Miré por la ventana para ver qué día hacía. Giré la
cabeza describiendo un semicírculo que no llegué a completar porque la vista se
me quedó fija en la acera de enfrente.
Una pareja de latinos, que venía
andando con parsimonia, se paró para echar una ojeada a las barquillas que el
tendero había dejado pegadas a la pared. Tras un recorrido de los productos,
perceptible por el movimiento de cuellos y cabezas, el hombre hizo un gesto de
atención, al tiempo que señalaba un saco de patatas con su mano derecha. Sin
más indicaciones, la mujer se inclinó hacia él, lo agarró con las dos manos y
se lo echó al hombro. Mientras tanto, el varón entró en la tienda, pagó y salió
al momento.
Los dos se encaminaron calle abajo: la
mujer, con el saco; el hombre se conformaba con llevar una bolsa de plástico vacía. Sin prisas, como
de paseo, campechanos ambos, familiar donde cabe.
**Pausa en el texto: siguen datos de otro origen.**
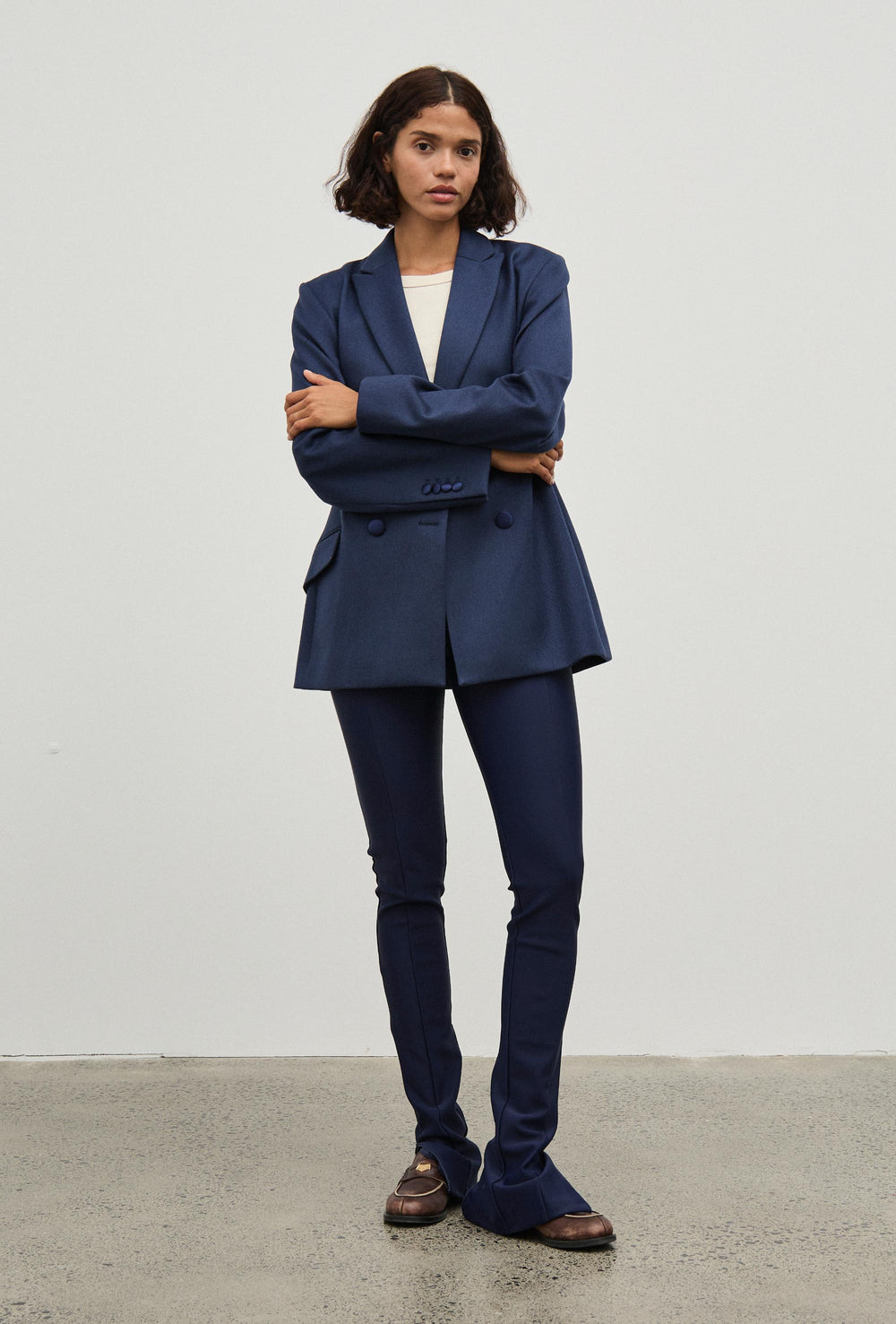 The Rushcutters Jacket Navy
Una escena espontánea, llana
y sencilla, en absoluto forzada, que parecía responder a una lógica interna y propia. Ninguno habló. Todo resultó
natural. Hasta a mí me lo pareció.
Se lo contaría a una de mis amigas
feministas para que me diera su punto de vista y, claro, su valoración. Según
qué me dijera, le plantearía lo mismo a otra amiga ecuatoriana. Pensé incluso
en hacer una encuesta informal e indagar con una marroquí, una eslava y una
senegalesa. El conocimiento no entiende de límites.